I turn on my heels to grab a few mugs and the pot as the partner stops shifting, letting a chuckle escape his well practiced smile.

“Sure. Black,” he says, gratefully, as his boss shoots him a murderous look.

 

 

Comments

  1. StonedRanger says

    Already been predetermined. To the nearest crematorium as I personally find the whole burial process to be barbaric. I hate funerals and don’t go to them while Im alive, I will be damned if Im going to have one when Im dead. Burn my body and scatter my ashes near my favorite fishing hole. Done. After that, Ive seen no evidence that I will go anywhere else. Their opinion may be that Im going to hell, but opinions are like…

    • StevoR says

      Not so obviously these days.

      I’d like a Buddhist / Zoroastrian / many Indigenous First Australian tradition style sky burial – placed up to the sky or / & chopped up for the vultures to enjoy!

      Ultimately the molecules of my body will be doing the same as Yorick’s in Hamlet and then as he mused on Alexander’s noble remains turning into bunghole filler* and eventually we’ll all be returned to stardust when Earth itself is melted down by our ballooning redgiant sun and then scattered once more perhaps by our sun’s demise.

      * See : http://nfs.sparknotes.com/hamlet/page_290.html

      HAMLET
      To what base uses we may return, Horatio. Why may not imagination trace the noble dust of Alexander till he find it stopping a bunghole?
      HAMLET
      How low we can fall, Horatio. Isn’t it possible to imagine that the noble ashes of Alexander the Great could end up plugging a hole in a barrel?

      HORATIO
      ‘Twere to consider too curiously, to consider so.
      HORATIO
      If you thought that you’d be thinking too much.

      190

      HAMLET
      No, faith, not a jot. But to follow him thither with modesty enough, and likelihood to lead it, as thus: Alexander died, Alexander was buried, Alexander returneth to dust, the dust is earth, of earth we make loam—and why of that loam, whereto he was converted, might they not stop a beer barrel?
      Imperious Caesar, dead and turned to clay,
      Might stop a hole to keep the wind away.
      Oh, that that earth, which kept the world in awe,
      Should patch a wall t’ expel the winter’s flaw!
      But soft, but soft a while.

      Previous page (right arrow from link) has the musings on the late lamented Jester Yorick’s remains : ” Alas, poor Yorick! I knew him, Horatio, a fellow of infinite jest, of most excellent fancy. He hath borne me on his back a thousand times, and now, how abhorred in my imagination it is!
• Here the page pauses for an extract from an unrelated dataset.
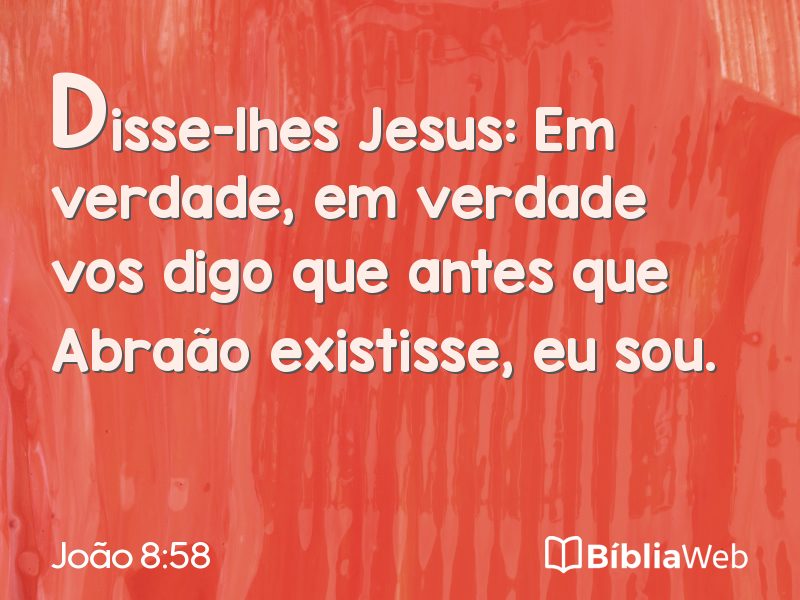 João 8:58 em imagem para compartilhar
My gorge rises at it. Here hung those lips that I have kissed I know not how oft. —Where be your gibes now? Your gambols? Your songs? Your flashes of merriment that were wont to set the table on a roar?”

  2. tecolata says

    I know where I’m going. Into others. I have left written instructions in my will to transplant any useable parts of me. And to dispose of the rest in the most economical and environmentally friendly manner possible. “Possible” must mean legally possible in this case; composting my remains is not lawful.
    I buried my cats in the garden and they are now trees and shrubs (10th life). Sadly, can’t do that with human remains.
    Loved Hamlet quote.

  3. Karen Locke says

    I’ve told my husband that I want my ashes scattered in a subduction zone, where oceanic earth crust is sliding under continental earth crust. Some of the water in the wet downgoing tectonic plate percolates up and contributes to melting of crustal magma in the overriding tectonic plate, creating volcanic magma that then erupts… and the water is contaminated with all kinds of lightweight things, maybe even human ash. So, with a little luck, I could come back as a volcano far into the future. 🙂

    But that’s expensive, so I’ll settle for my ashes becoming part of the Eastern Sierra ecosystem I love so much.